In 2007, White and his cohorts went into the studio to recorded “A Sphere Needs a Square,” a record loosely based around Edwin Abbot’s multi-dimensional romance “Flatland,” and John White’s interpretations thereof. “I found a lot of religious sentiment in the book,” says White. “In the novel, the characters are flat squares, and they worship a sphere. But the transition from the third dimension to the fourth is not really all that significant. So, why should the squares worship the sphere? And, moreover, if the squares are just worshiping the being from the next dimension up, then does the sphere worship the being from the dimension up from him? What does the sphere worship?”
Although this was supposed to be an endeavor of a couple of months, internal band strife and schedule conflicts led to the album being put on hiatus multiple times. In the interim, White released “Mean Ol’ Mister Moonlight,” an album of “love, loss, and lust,” and “A Light Will Be Thrown,” which was inspired by the writings of Charles Darwin and Joseph Campbell. Around the two-year mark, John suddenly split for Reno.
While some speculated that “A Sphere Needs a Square” would never see completion and release, White felt that the new surroundings were beneficial, providing the freedom to explore songwriting outside of that aforementioned narrative. “I could rethink lyrics, rethink arrangements. I don’t think I really labored over the earlier albums like I did over this one.”
The time spent in Reno allowed John to approach “A Sphere Needs a Square” afresh. “I didn’t really hang out with anyone in Reno. I didn’t really go anywhere. I just worked.” He loosely echoes the sentiments of those early Coptic hermits. “If you’re an artist, you might have to become a monk for a little while, spend some time honing your craft. I looked at Reno as sort of a monastery, I guess.”

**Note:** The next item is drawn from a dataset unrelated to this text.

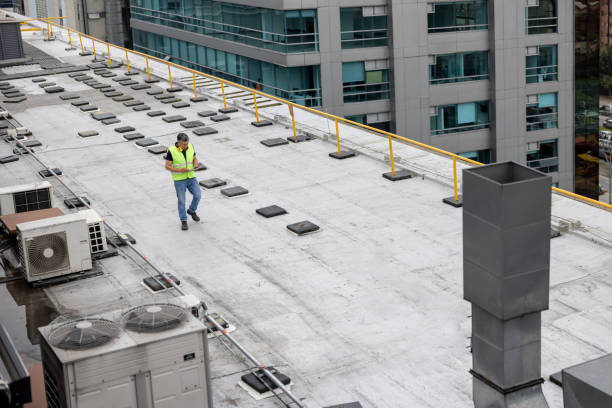 Best Roof Maintenance and Cleaning  in Bulverde, TX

The new album was finally released last November. It is arguably White’s most developed effort as a songwriter yet — melancholy to the point of vicarious sadness on the part of the listener at some points, foaming at the mouth at others, with still space for a bright, jangly hope to be found in some isolated pockets. Following the release, The John Whites reunited for a series of shows back in Utah, and this is where White and company really shine. White stands front and center, shuffling his feet and holding his arm up occasionally, in a seemingly unconscious imitation of the recently deceased King of Pop. His voice, reedy and vibrating, soars through the PA, bearing on its wings a full emotive import, be it the quiet sadness of a song like “The Ice Storm” or a howling rendition of Phil Collins’s “In the Air Tonight.” His hair, previously flowing down to his shoulders, is cropped short. He’s gotten almost scrawny. It really does look like he’s been fasting and praying in the desert, tormented by demons and djins, now triumphantly returned to deliver some message, however esoteric that message may be.
“It’s definitely nice to be playing shows back here in Utah,” he says. “It’s nice to have the album out finally. I mean, there is the monastic aspect of isolating myself at my dad’s place and really focusing on music. But it’s music. It should be recorded and released. It should be performed.” He grins. “I mean, if a tree falls in the forest and no one’s around, does it make a sound? I don’t really give a f***.”